Directions for this task: Take the line with "3 beachy shell bracelets" and every line after it in the entries below, and set them down exactly, without any pictures.

Data provided Block Start

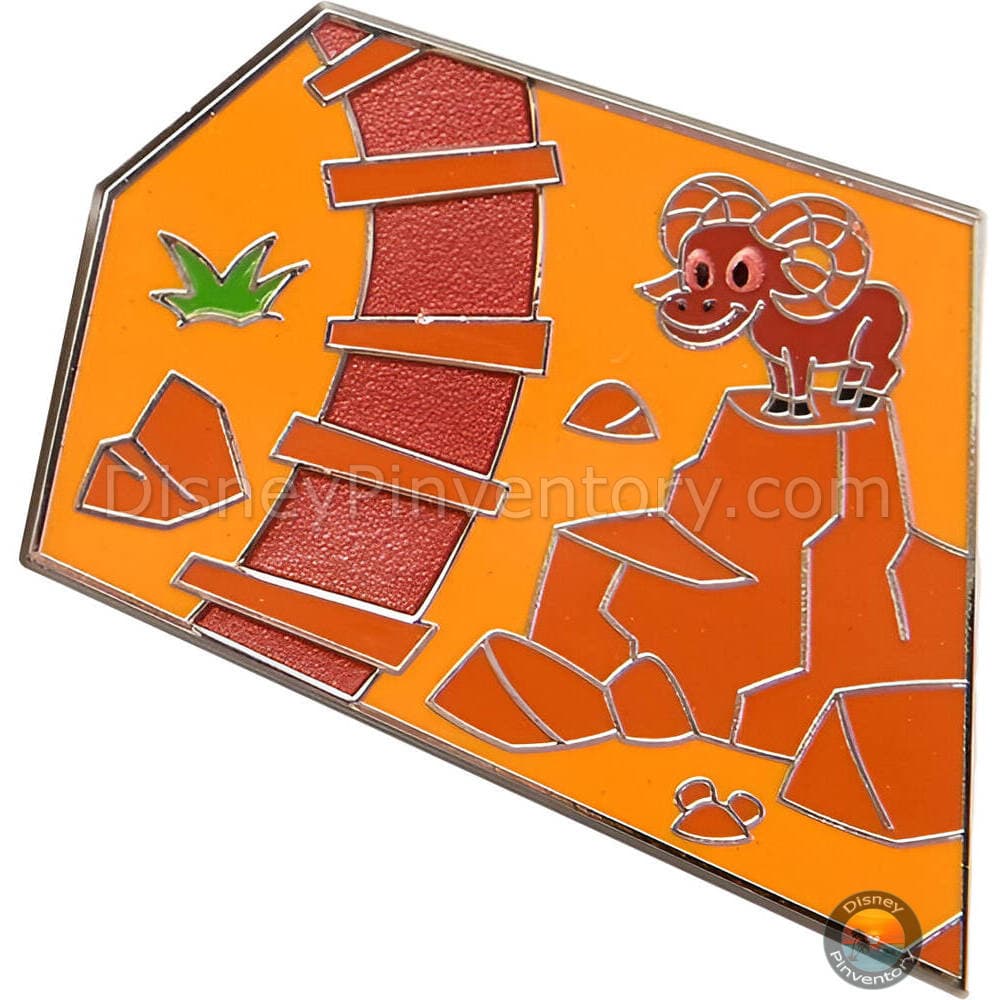 Walt Disney World Big Thunder Mountain Attraction Map Puzzle Mystery Pin Set - Mountain Goat - Pin 48104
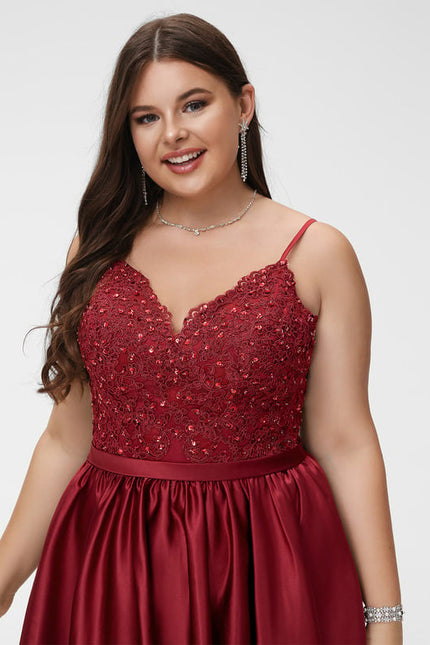 Robe Courte De Bal Satinée Bordeaux - gallery 5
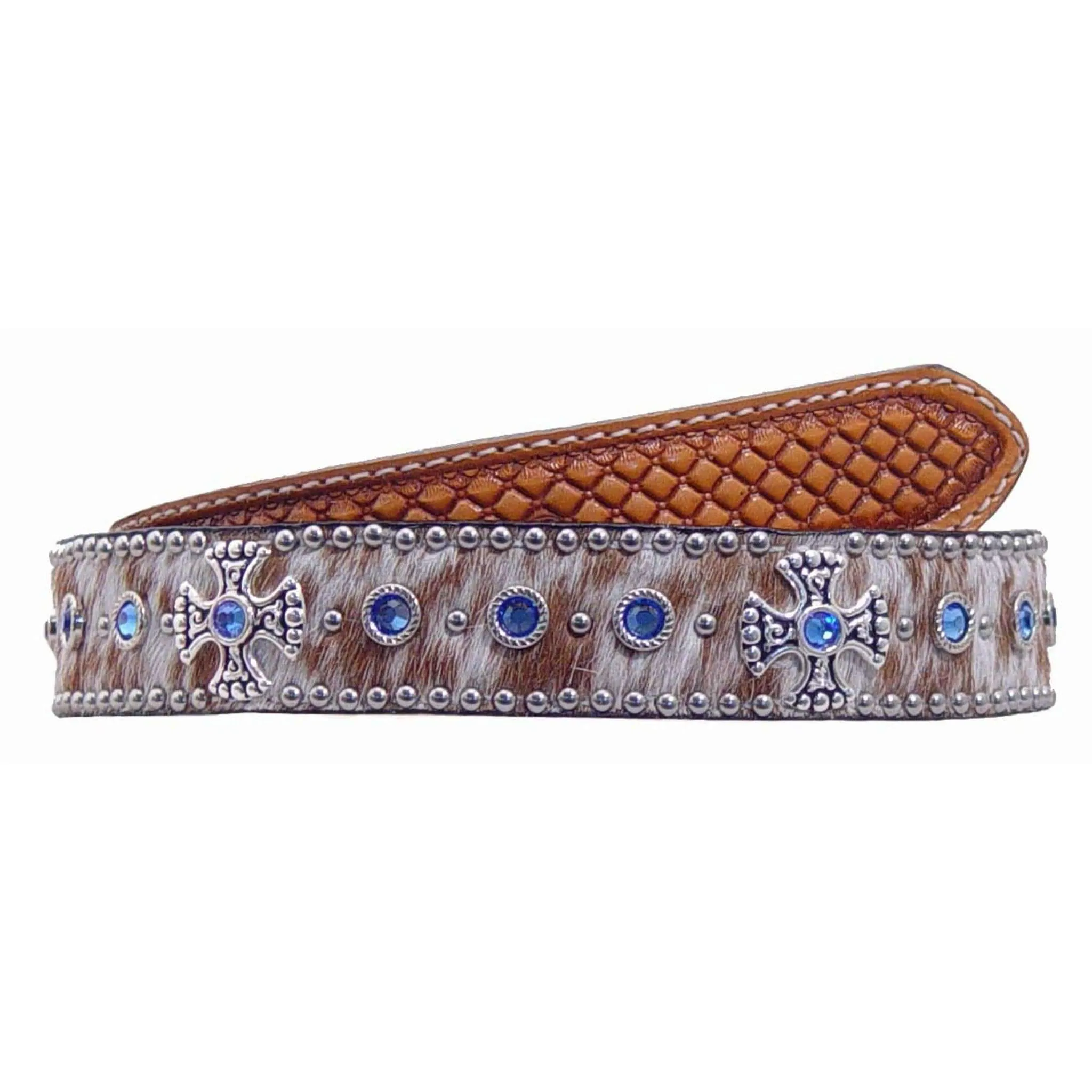 B314 - Roan Hair Crystaled Tooled Belt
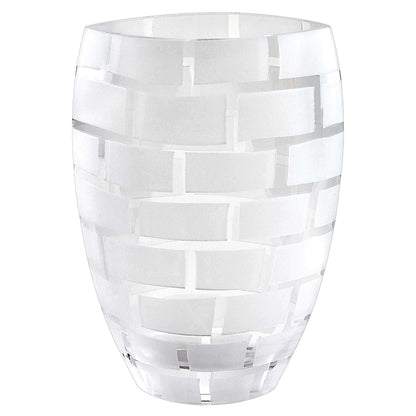 12" European Mouth Blown Frosted Crystal Vase with Unique Wall Design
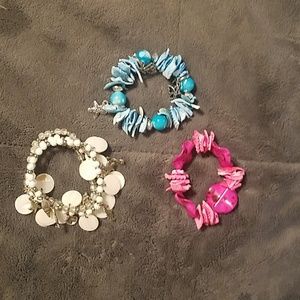 3 beachy shell bracelets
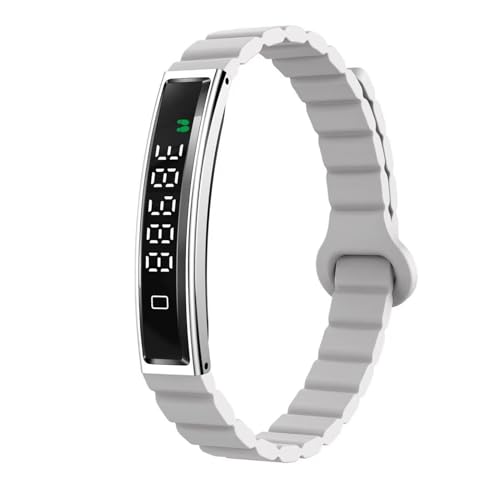 Tangxi Pulsera Inteligente, Banda de Rastreador de Fitness Inteligente con 5.3 Control de Cámara Remota Velocidad Cardíaca Monitor de Sueño Modo Deportivo Diverso Prueba de Agua para (Silver)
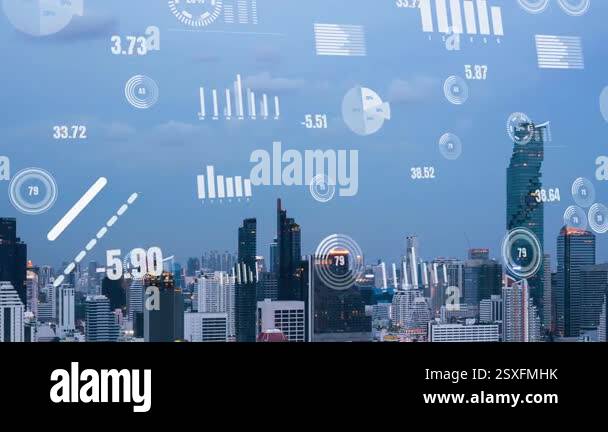 Business data analytic interface fly over smart city showing alteration ...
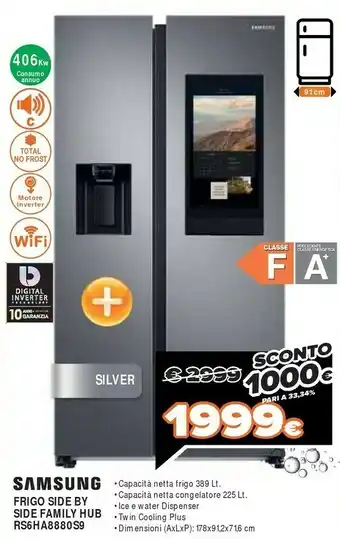 Expert Samsung RS6HA8880S9 Frigorifero Side-by-side Libera Installazione 614 L F Grigio offerta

Data provided Block End

Answer to this task:
 3 beachy shell bracelets
 Tangxi Pulsera Inteligente, Banda de Rastreador de Fitness Inteligente con 5.3 Control de Cámara Remota Velocidad Cardíaca Monitor de Sueño Modo Deportivo Diverso Prueba de Agua para (Silver)
 Business data analytic interface fly over smart city showing alteration ...
 Expert Samsung RS6HA8880S9 Frigorifero Side-by-side Libera Installazione 614 L F Grigio offerta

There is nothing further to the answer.